Your assignment
Pick the lines holding the string "Shirts" out of the records and copy them.

Items from a dataset
___
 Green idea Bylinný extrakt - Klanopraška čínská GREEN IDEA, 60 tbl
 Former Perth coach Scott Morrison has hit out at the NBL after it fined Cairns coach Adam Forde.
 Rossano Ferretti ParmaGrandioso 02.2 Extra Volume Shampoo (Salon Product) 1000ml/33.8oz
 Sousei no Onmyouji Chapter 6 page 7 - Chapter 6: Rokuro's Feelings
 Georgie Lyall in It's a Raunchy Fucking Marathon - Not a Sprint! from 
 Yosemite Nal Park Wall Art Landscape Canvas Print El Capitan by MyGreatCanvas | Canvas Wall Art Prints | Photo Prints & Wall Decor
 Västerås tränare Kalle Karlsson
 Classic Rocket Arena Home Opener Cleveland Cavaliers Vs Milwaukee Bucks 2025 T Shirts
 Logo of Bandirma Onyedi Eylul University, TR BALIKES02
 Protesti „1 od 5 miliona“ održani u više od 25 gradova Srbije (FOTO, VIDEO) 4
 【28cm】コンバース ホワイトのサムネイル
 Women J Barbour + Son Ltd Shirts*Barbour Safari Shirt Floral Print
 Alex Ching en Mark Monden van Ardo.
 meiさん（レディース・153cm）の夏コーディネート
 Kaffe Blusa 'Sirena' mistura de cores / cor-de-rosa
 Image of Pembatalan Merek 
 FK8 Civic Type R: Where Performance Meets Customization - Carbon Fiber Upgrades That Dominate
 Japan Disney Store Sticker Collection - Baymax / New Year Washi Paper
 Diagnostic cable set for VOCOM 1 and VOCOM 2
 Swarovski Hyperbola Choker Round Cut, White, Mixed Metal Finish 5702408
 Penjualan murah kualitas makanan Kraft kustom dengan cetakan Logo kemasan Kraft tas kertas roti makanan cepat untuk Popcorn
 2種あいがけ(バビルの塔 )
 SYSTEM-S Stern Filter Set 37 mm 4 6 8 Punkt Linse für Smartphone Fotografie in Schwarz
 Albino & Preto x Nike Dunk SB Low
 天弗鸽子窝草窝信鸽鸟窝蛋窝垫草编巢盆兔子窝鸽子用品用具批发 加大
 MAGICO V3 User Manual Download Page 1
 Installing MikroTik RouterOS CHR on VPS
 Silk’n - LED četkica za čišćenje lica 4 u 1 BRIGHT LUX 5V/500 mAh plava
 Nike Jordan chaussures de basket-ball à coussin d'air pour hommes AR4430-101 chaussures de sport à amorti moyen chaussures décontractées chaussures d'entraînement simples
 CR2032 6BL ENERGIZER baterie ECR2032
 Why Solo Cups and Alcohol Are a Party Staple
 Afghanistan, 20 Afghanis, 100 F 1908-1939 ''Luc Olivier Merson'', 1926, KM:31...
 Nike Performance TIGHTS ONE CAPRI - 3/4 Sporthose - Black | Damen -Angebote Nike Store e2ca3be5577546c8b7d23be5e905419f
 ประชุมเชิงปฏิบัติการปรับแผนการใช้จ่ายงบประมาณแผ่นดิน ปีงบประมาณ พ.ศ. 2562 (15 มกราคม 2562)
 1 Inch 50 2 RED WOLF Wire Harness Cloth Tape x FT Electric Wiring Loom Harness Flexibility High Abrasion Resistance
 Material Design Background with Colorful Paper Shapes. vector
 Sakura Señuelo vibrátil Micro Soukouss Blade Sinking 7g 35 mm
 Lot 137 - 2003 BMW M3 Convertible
___
Answer to the exercise
 Classic Rocket Arena Home Opener Cleveland Cavaliers Vs Milwaukee Bucks 2025 T Shirts
 Women J Barbour + Son Ltd Shirts*Barbour Safari Shirt Floral Print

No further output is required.